6. Il est statué sans frais, la procédure étant gratuite (art. 73 al. 2 LPP). La demanderesse, qui obtient gain de cause, a droit à une indemnité de dépens à la charge de la défenderesse, qui peut être fixée, en l’absence d’un état des honoraires et des frais de son mandataire sur la base du dossier (art. 64 par renvoi de l’article 67 de la loi fixant le tarif des frais, des émoluments de chancellerie et des dépens en matière civile, pénale et administrative [LTFrais]). Les honoraires sont proportionnés à la valeur litigieuse et fixés, dans les limites du tarif, en fonction notamment du temps nécessaire à la cause, de sa nature, de son importance, ou encore de sa difficulté (art. 58 LTFrais). En l’occurrence, l’activité déployée par Me B.________ peut être évaluée à 15 heures. Eu égard au tarif de 280 francs usuellement appliqué par la Cour de céans, aux débours à raison de 10 % des honoraires (art. 63 LTFrais) et à la TVA de 7.7 %, l’indemnité de dépens doit être fixée à 4'975.75 francs.
Par ces motifs,
la Cour de droit public
1. Admet la demande dans le sens des considérants.

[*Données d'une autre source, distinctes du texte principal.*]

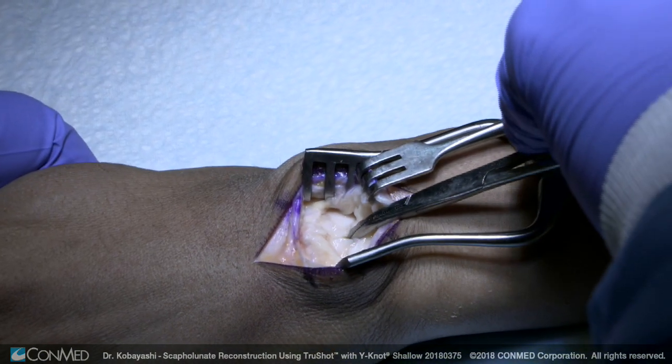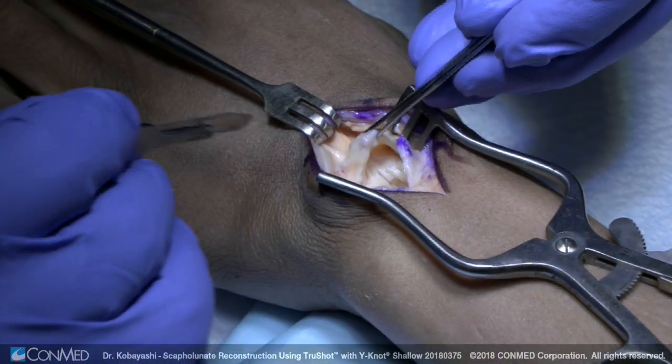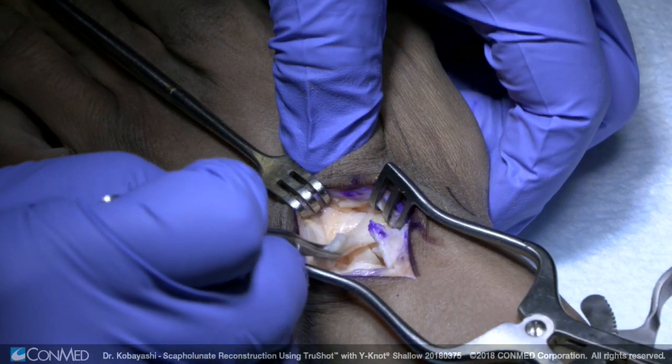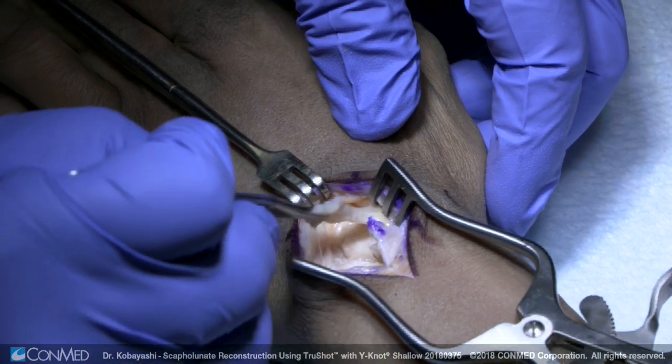There's the ligament tear right there. We're going to use the dorsal intercarpal ligament to reconstruct this. Here's the dorsal intercarpal ligament right here — I like to take a pretty good strip of this. Oftentimes you'll see that when you pull on it, it really takes that scaphoid and takes it out of flexion, and this will be kind of a reduction maneuver.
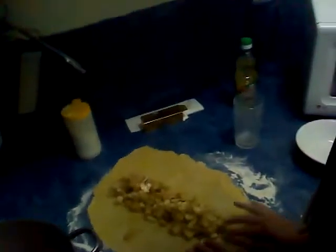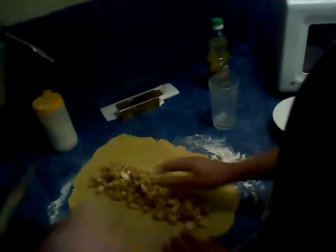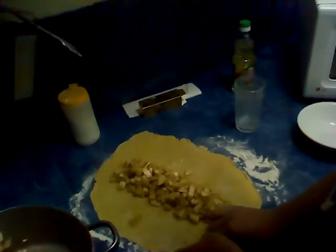We are making the apple strudel with our apples. The dough is made. We're putting the apples in the middle. The apples have been covered with cinnamon.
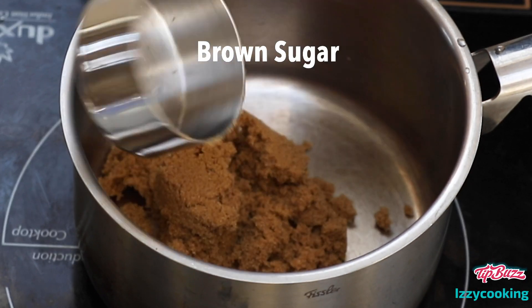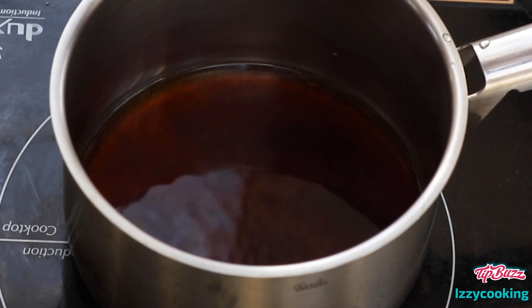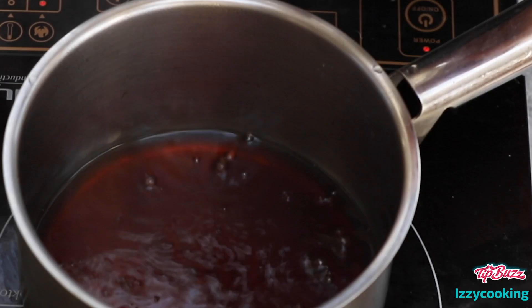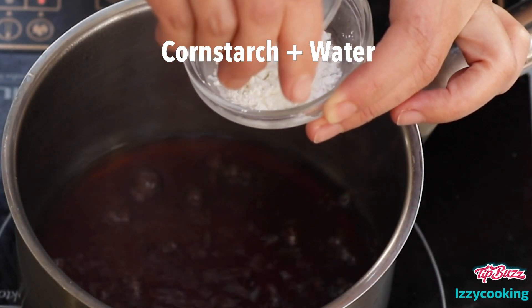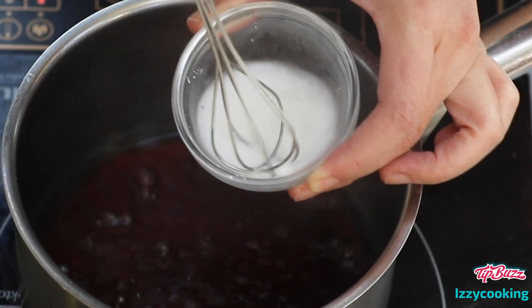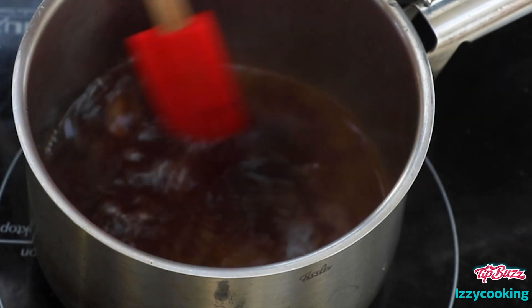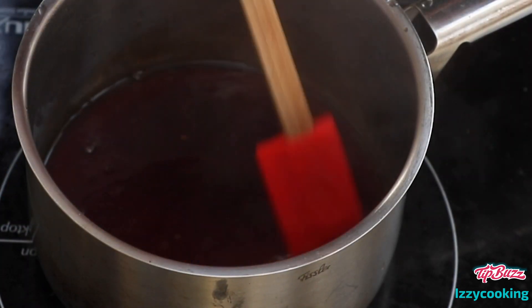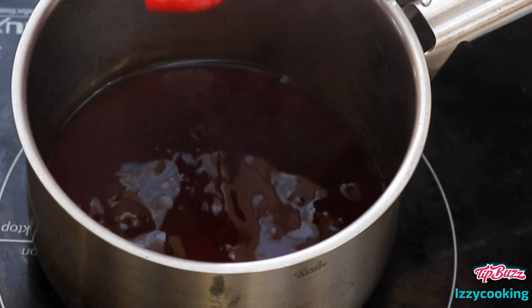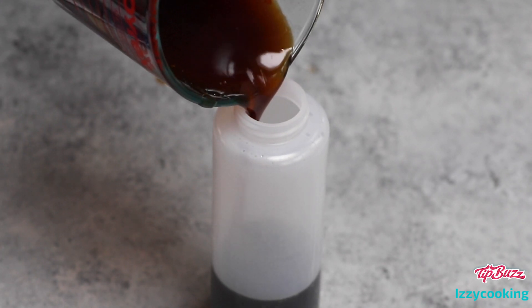First we'll make brown sugar syrup. This creates the signature marbling on the boba ice cream bars. Add the brown sugar and water to a saucepan, then cook until the water boils, dissolving the sugar completely. Next mix the cornstarch with water in a small cup to make a slurry, then pour it into the saucepan and cook until the syrup thickens. Remove from the heat and cool slightly before pouring into a squeeze bottle, then let it cool to room temperature.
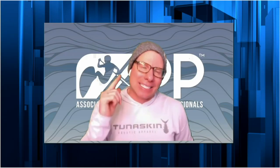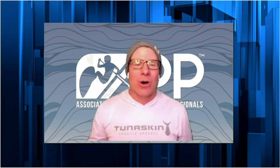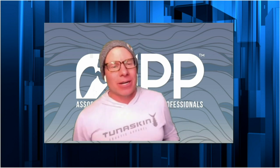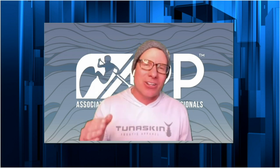Ladies and gentlemen, welcome to Tech Tip Tuesday, a look at the gear, gadget, and technology that goes into the sport of stand-up paddling. I'm your host, Drew with a U, and what a better way to kick off this new series than with two of the industry's leaders.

2. Renvoie la cause à la défenderesse afin qu’elle fixe le montant de la rente d’invalidité due à la demanderesse selon les considérants.
3. Dit que la défenderesse assortira la rente d’invalidité d’un intérêt moratoire de 1 % à partir du 19 août 2022.
4. Statue sans frais.
5. Alloue à la demanderesse une indemnité de dépens de 4'975.75 francs à la charge de la défenderesse.